All of those things and more. 

The CGC is really not a temperament test. It's a basic 'can your dog handle being in public without being an asshole' test. Some parts of it are hard for various dog, but it's really not about temperament, anyway, it's a bout behavior and being safe. 

And as a related story to 'dogs can be Da and do things'. At the agility trial this weekend the dog that was next while we were at the start line and setting up got really close to the ring entry. I tossed Molly's leash behind her and she turned, looked and saw this cattle dog *right there* staring at her. She has despised every cattle dog she's ever met. Or seen. Or been within 100 yards of. 

She left the ring/went to the gate, barked once and - I was able to recall her, have her come, have her run the course and Q. 

Bad - terrible - that it happened. I felt guilty, I apologized profusely to the other dog's owner and took steps to make sure it could not happen again- but that she recalled back? HUGELY GOOD. 

It's not that she is not now DA and doesn't hate cattle dogs. It's that she has a recall and can focus. 

You can train BEHAVIOR in response to a command. You can train for focus. Those are the things something like CGC tests - only more simply with less distractions and on leash - not the dog's personality, likes, dislikes, or play behavior.
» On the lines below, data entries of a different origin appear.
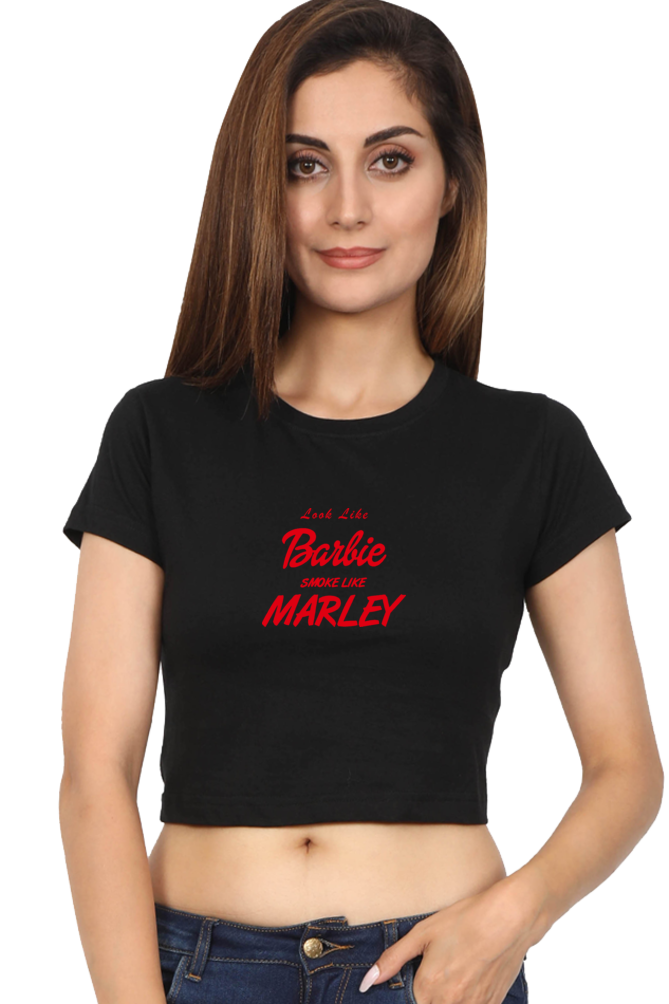 The Barbie/Marley Crop Top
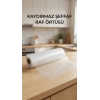 Şeffaf PVC Raflık Kaymaz Çekmece Örtüsü 45x300 cm Mutfak Dolap İçi Koruyucu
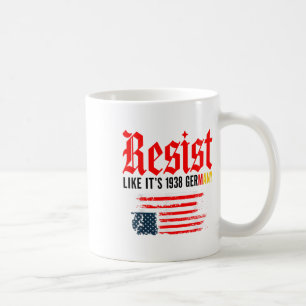 Mug Drôle Résistez À La Citation Comme Son Allemagne D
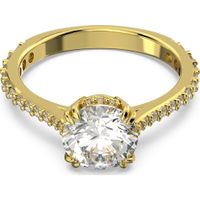 Swarovski 5642617 Ring Constella Cocktail goudkleurig-wit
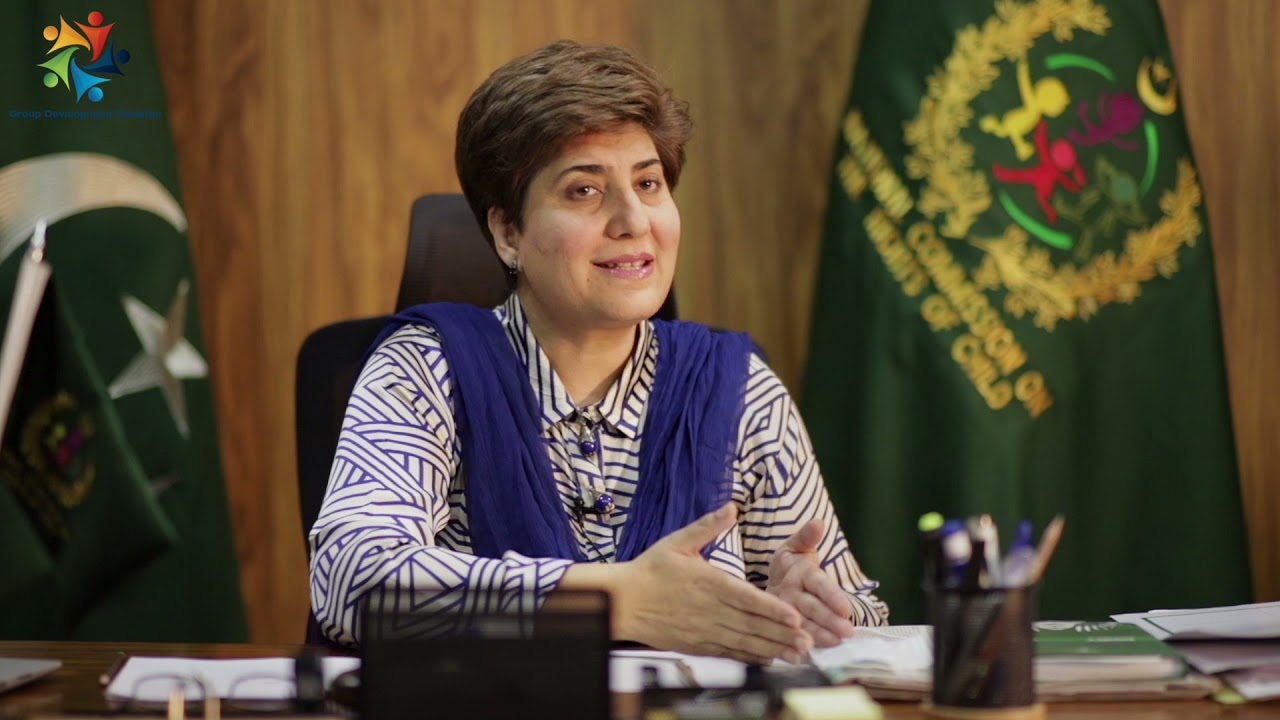 In Conversation with Afshan Tehseen || Group Development Pakistan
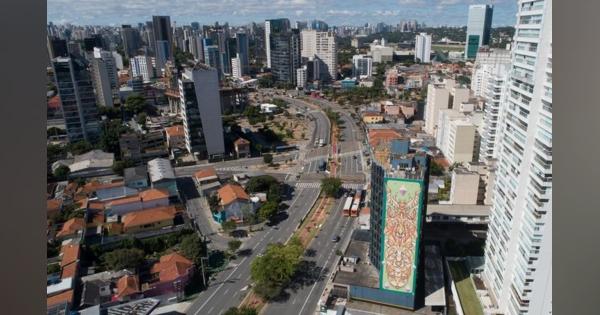ブラジル大統領が移動制限を批判　新型コロナ対策で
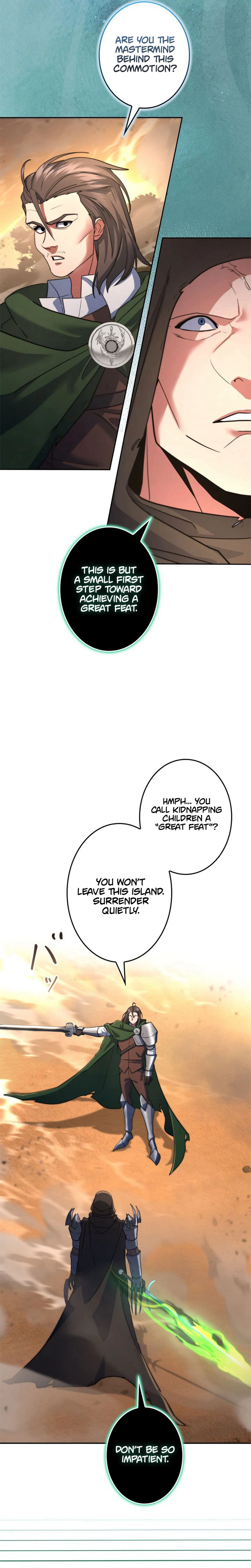 The Sword Emperor Reincarnated into a Swordmaster Clan Chapter 18 - Page 17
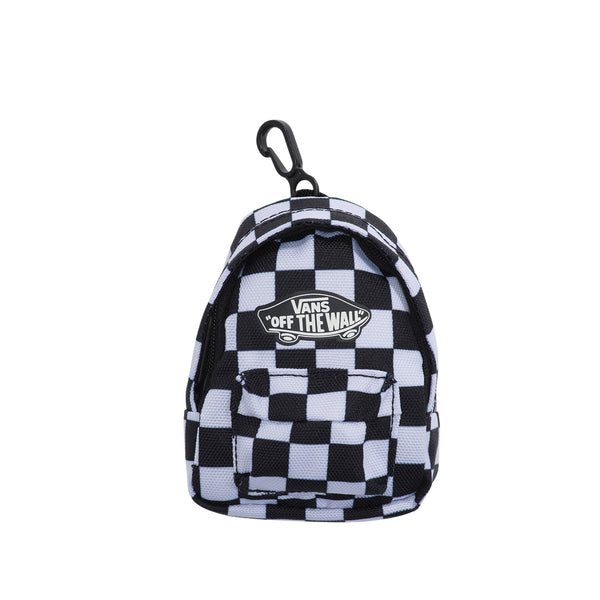 Llavero Micro unisex color blanco y negro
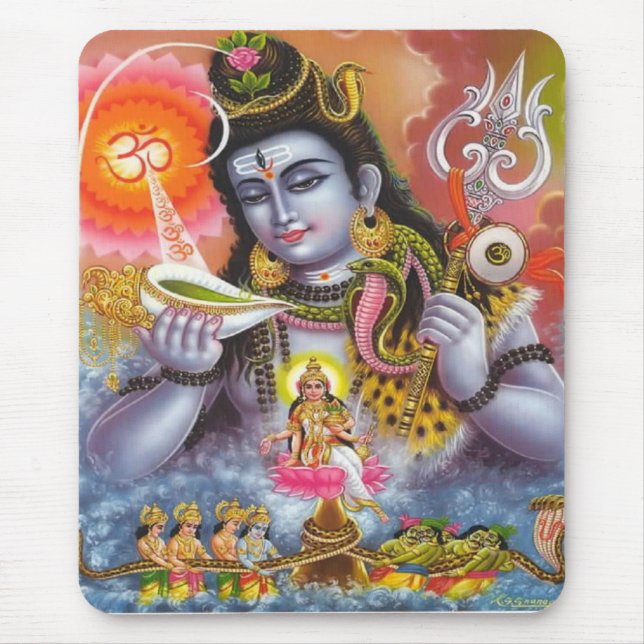 mousepad do shiva (Frente)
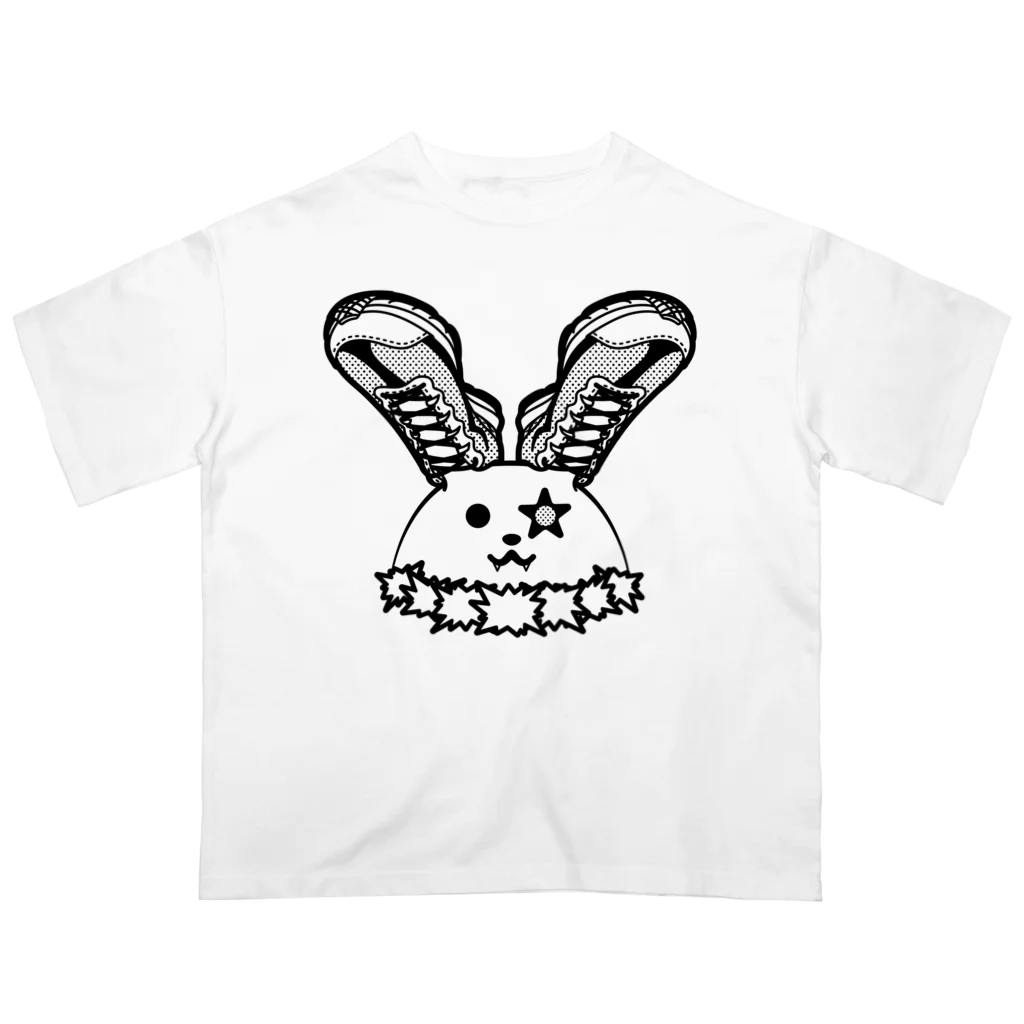 クリーチャーズのうさみみウォーク/ロック オーバーサイズTシャツ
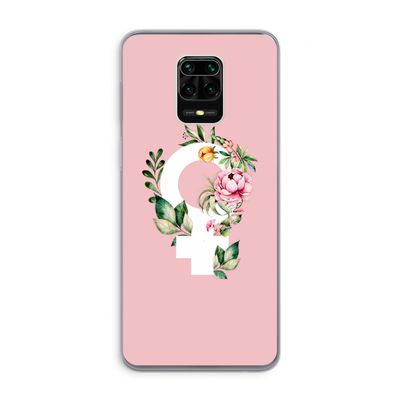 Venus: Xiaomi Redmi Note 9 Pro Transparant Hoesje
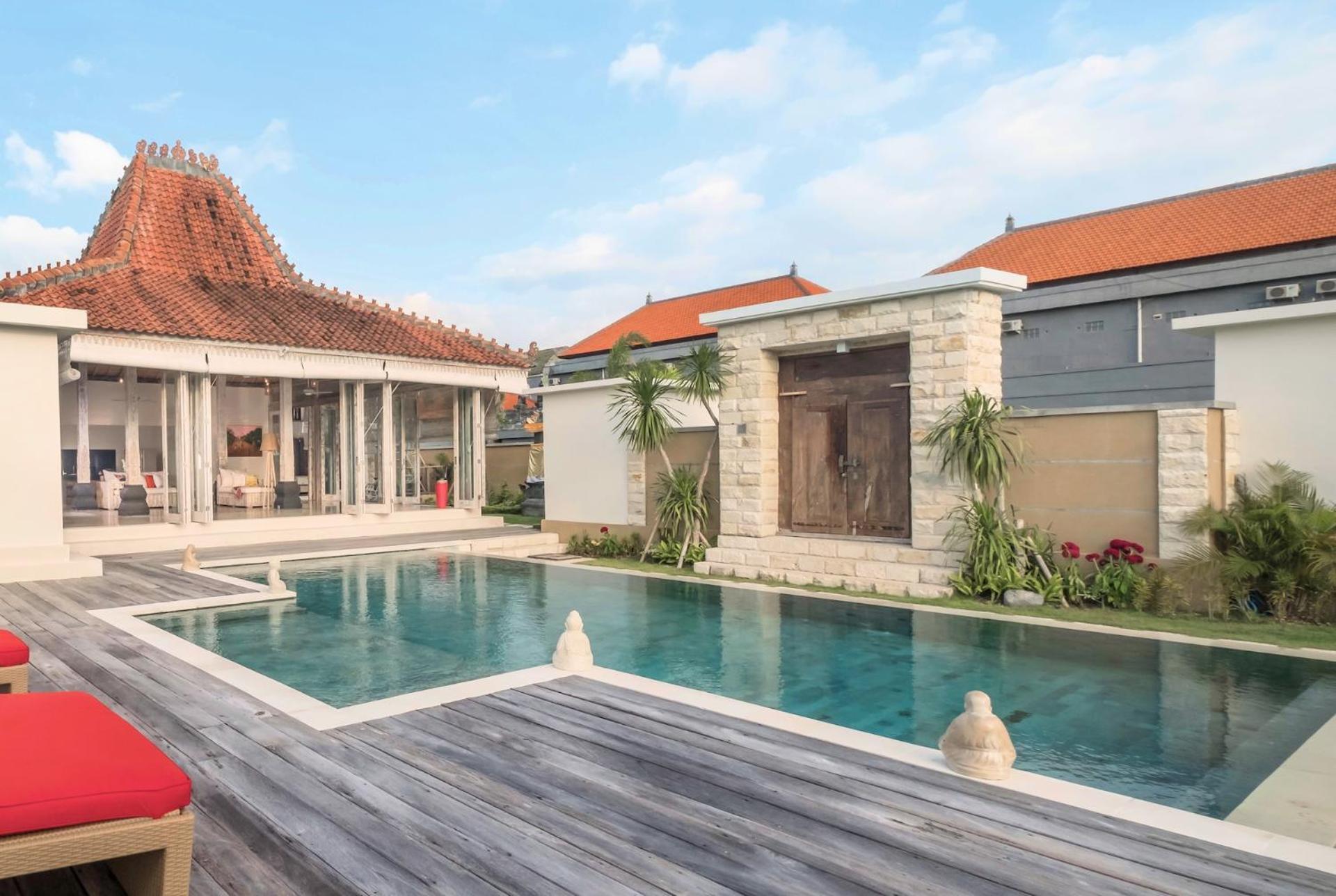 Villa Manggala - 13 Mins Walk To Berawa Beach Canggu  Luaran gambar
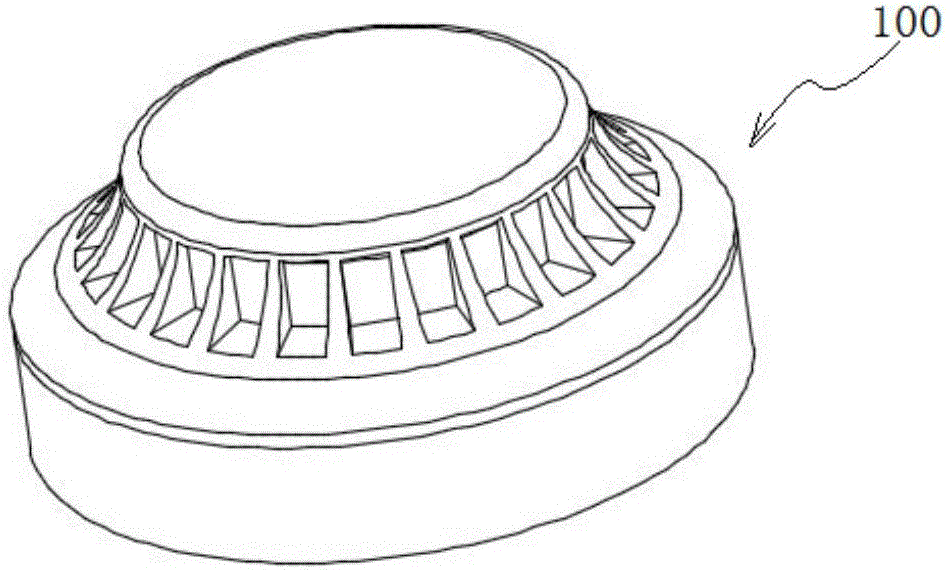 Multi-station assembling and pin twisting device for smoke alarm device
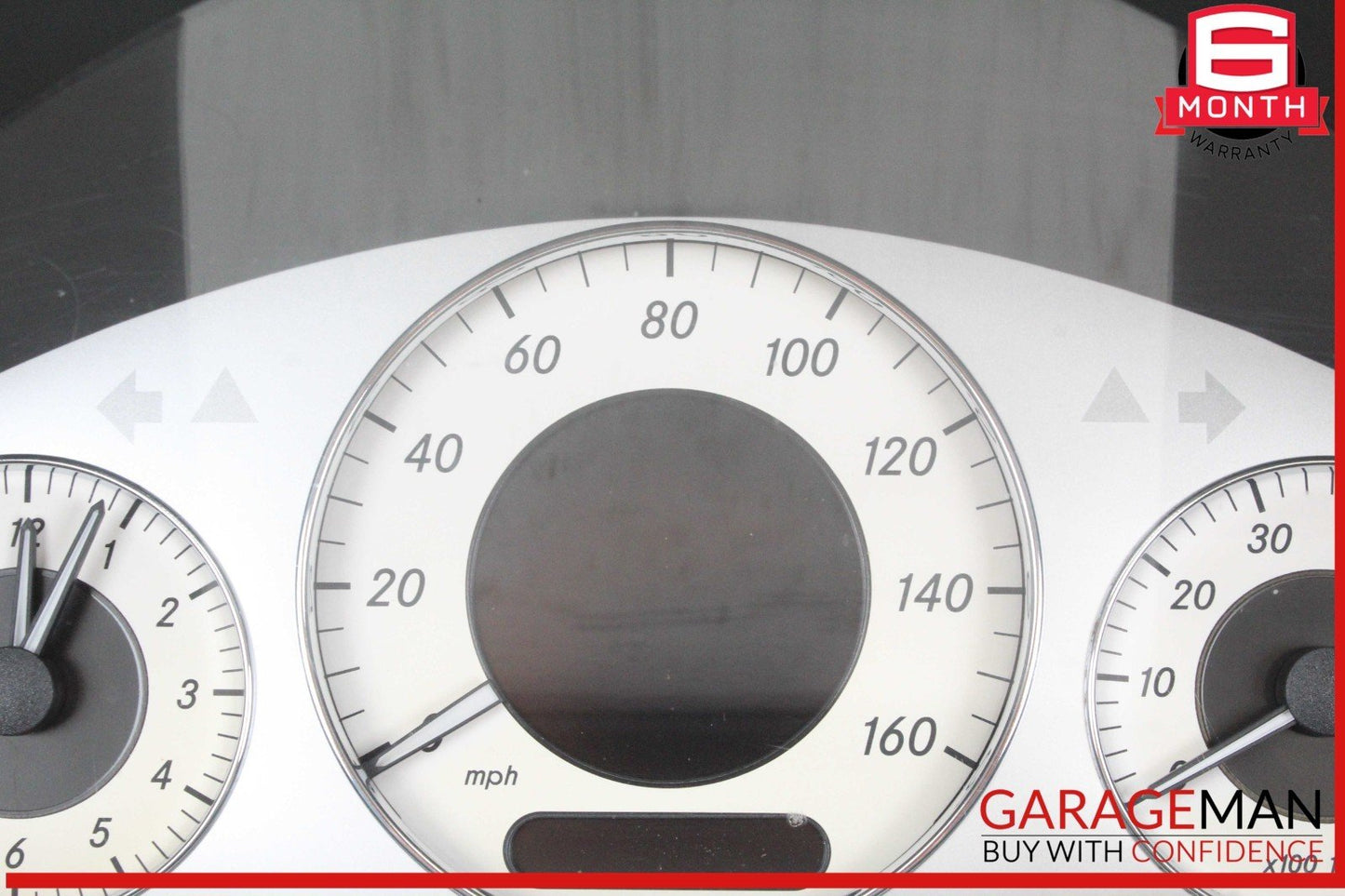 07-09 Mercedes W211 E550 E350 Speedometer Instrument Cluster 2115400648 OEM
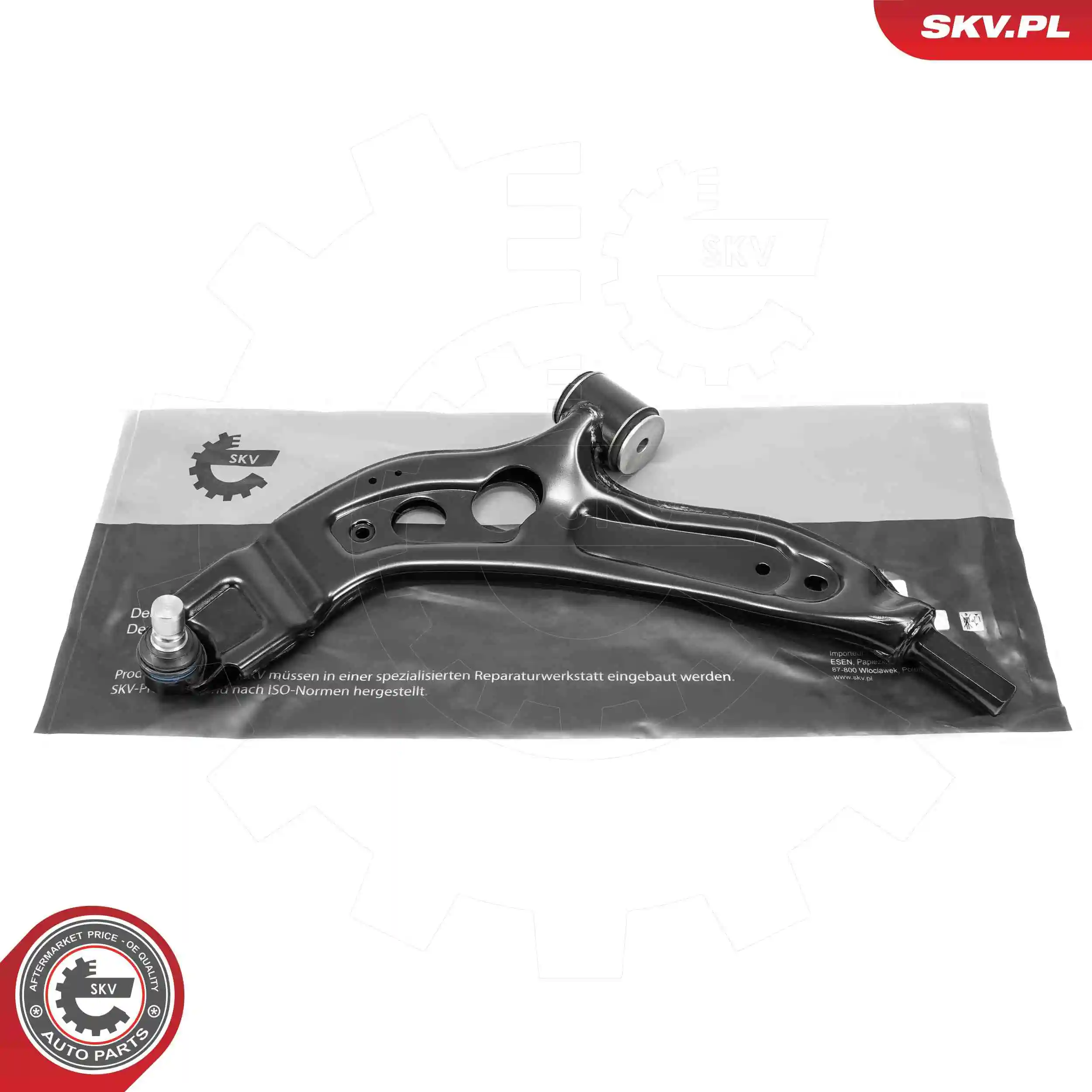 Control/Trailing Arm, wheel suspension 69SKV433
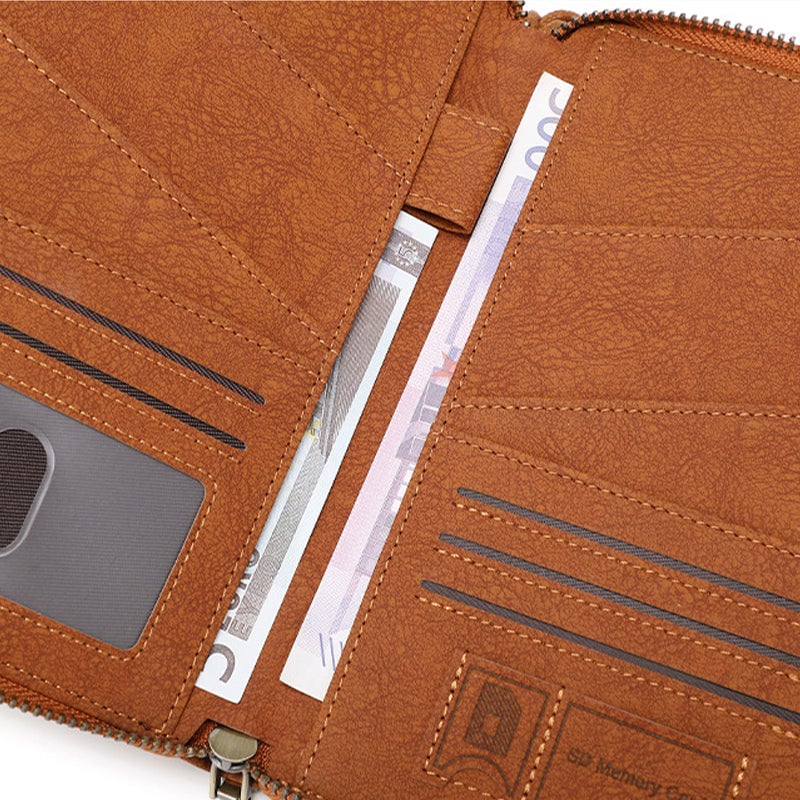 RFID Blocking Travel Passport Wallet - Image 6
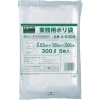 TRUSCO 業務用ポリ袋 厚み0.05×1000L (5枚入) A-1000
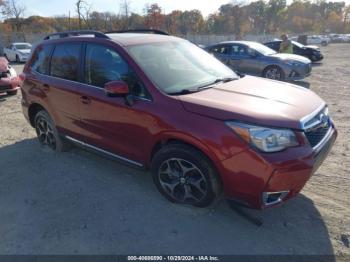  Salvage Subaru Forester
Those are personality and you can't change a personality through training.


----------



## gingerkid (Jul 11, 2012)

I'm confused is her issue how she plays, or how she greets other dogs?



> Yeah, and that's really it... I don't necessarily *need* her to like other dogs all the time, I just want her to not feel like she has to *engage* so much, whether for play or otherwise. I do realize the CGC is not about getting along with other dogs, it's about ignoring them - I've done the research on this and the CGC training which focuses on ignoring all kind of distractions is exactly why I wanted to pursue it, so no - I'm not hiding behind the CGC as a fix-all. And in actuality she doesn't always have to engage; on rare occasions she seems like she doesn't care at all whether there is another dog nearby, preferring to sniff the ground and wander - especially if we've already been working or playing and she's worn out. When we're "working" she is very focused and great about ignoring other dogs if I coach her through it. But in general social situations when we're not actively training, she just wants to approach all the people and all the dogs - she's just very bold and outgoing.


Okay well, you know what the solution to this is? Teach her what you want instead of running up to other dogs. Teach your dog to ignore them (or people, if that's what you want). Start at a distance far enough from other dogs that she doesn't care about the other dog, and reward heavily for offering you her attention. Move closer to the dog, reward for offering your her attention. You could also reward for literally any behaviour that doesn't involve paying attention to the other dog (or person, or whatever you're teaching her to ignore). Move closer. When you can get within ~15 feet without her paying attention to the other dog, start practicing walking by other dogs giving rapid-fire treats for not paying attention to it. 

It is literally that simple, if you go at your dog's pace, there is no need to get involved in corrections and potentially create a negative association with the thing that she currently likes. Just make the exciting thing less exciting by 1) being more exciting yourself and 2) rewarding her for ignoring them. 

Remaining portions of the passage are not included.